Kara's Party Ideas Pasta Pilaf-Stuffed Squash | Kara's Party Ideas
Creative Thanksgiving Recipes: Pasta Pilaf-Stuffed Squash Recipe via Kara's Party Ideas

Looking for a creative side for your Thanksgiving or fall dinner? This one has my favorite pasta: acini de pepe. If you want to make it vegetarian, you can easily leave out the pork and increase the veggies a bit. However, I love the ground pork in this dish–yummy!!

The other bonus to this stuffed squash is that you can have it as a side dish, say, for Thanksgiving, or you can have it as your main star in a dinner party, where you can easily impress your guests!
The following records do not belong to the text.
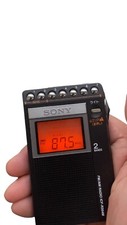 Rádio sintetizador Sony ICF-R354M PLL usado FM/AM (orelha retrátil) comprar usado  Enviando para Brazil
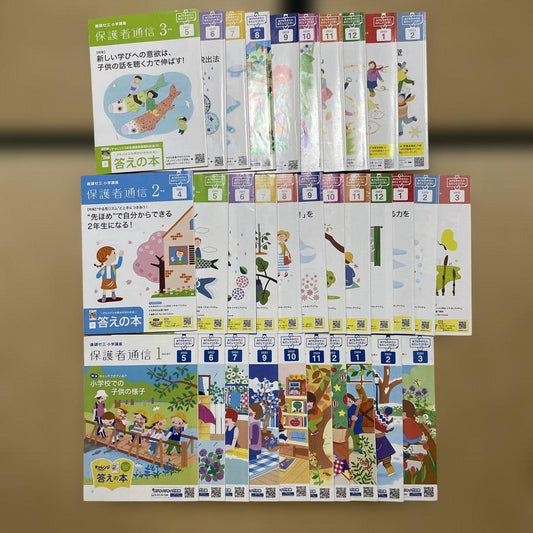 Progress Test Prep for Parents 1-3 Years 32 Volumes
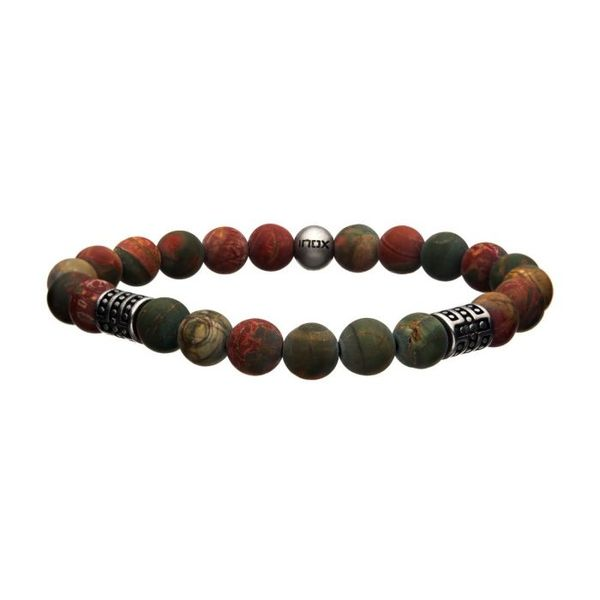 Jasper Bead Bracelet J. Thomas Jewelers Rochester Hills, MI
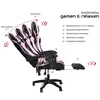 Chefsessel Stuhl Home Office Chair Racing  Bürostuhl Produktbild-Vorschau 4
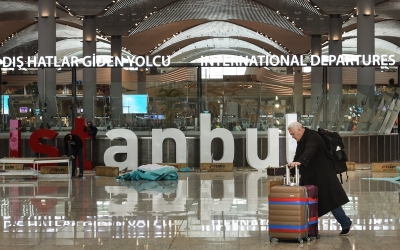 Αυτό είναι το νέο φαραωνικό αεροδρόμιο της Κωνσταντινούπολης -Η Turkish Airlines μετακόμισε μέσα σε 45 ώρες [εικόνες]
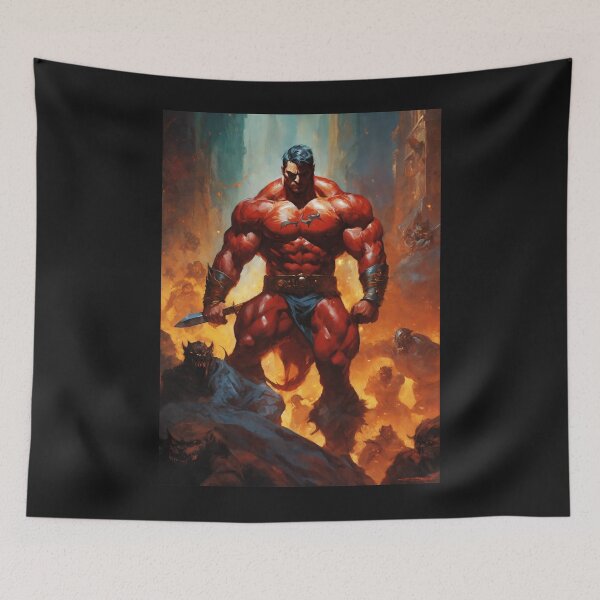 Item preview, Barbarian Warrior designed and sold by RaF71PrO.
Creative Thanksgiving Recipes: Pasta Pilaf-Stuffed Squash


  • 2 each acorn squash
  • 2 Tbsp./1 oz. vegetable oil, divided
  • 2 oz. acini de pepe
  • ¾ cup/3 oz. onion, finely chopped
  • 1 tsp. rosemary, finely chopped
  • 8 oz. ground pork
  • 2 cups/4 oz. cremini mushrooms, sliced
  • ½ cup/4 oz. white wine
  • 6 oz. spinach, roughly chopped


  1. Preheat oven to 400ºF. Cut the acorn squash in half lengthwise. Scoop out the seeds (roast for a snack if you’re feeling virtuous!). Place on a baking tray. Season with salt and pepper and roast until a knife an easily be inserted, about 30 minutes. Reserve.
  2. While the squash is cooking, bring a small pot of salted water to the boil. Cook the acini de pepe according to package directions. Drain and reserve.
  3. Heat a large sauté pan over medium heat. Add 1 Tbsp. of the vegetable oil and the acini de pepe. Cook the pasta until it starts to brown (about 2 minutes). Remove to a bowl.
  4. Return the pan to the heat and add the remaining 1 Tbsp. oil. Sauté the onion and rosemary until aromatic and softened (about 3 minutes). Add the pork and break it up into small pieces. When the pork starts to brown, after about 5 minutes, add the cremini mushrooms and cook until softened, another 3 minutes. Stir in the reserved pasta, white wine and spinach. Cook for another couple of minutes to cook off the raw alcohol flavor and wilt the spinach. Taste and adjust seasoning.
  5. Divide the pork pilaf between the 4 acorn squash halves. Return to the oven to heat through.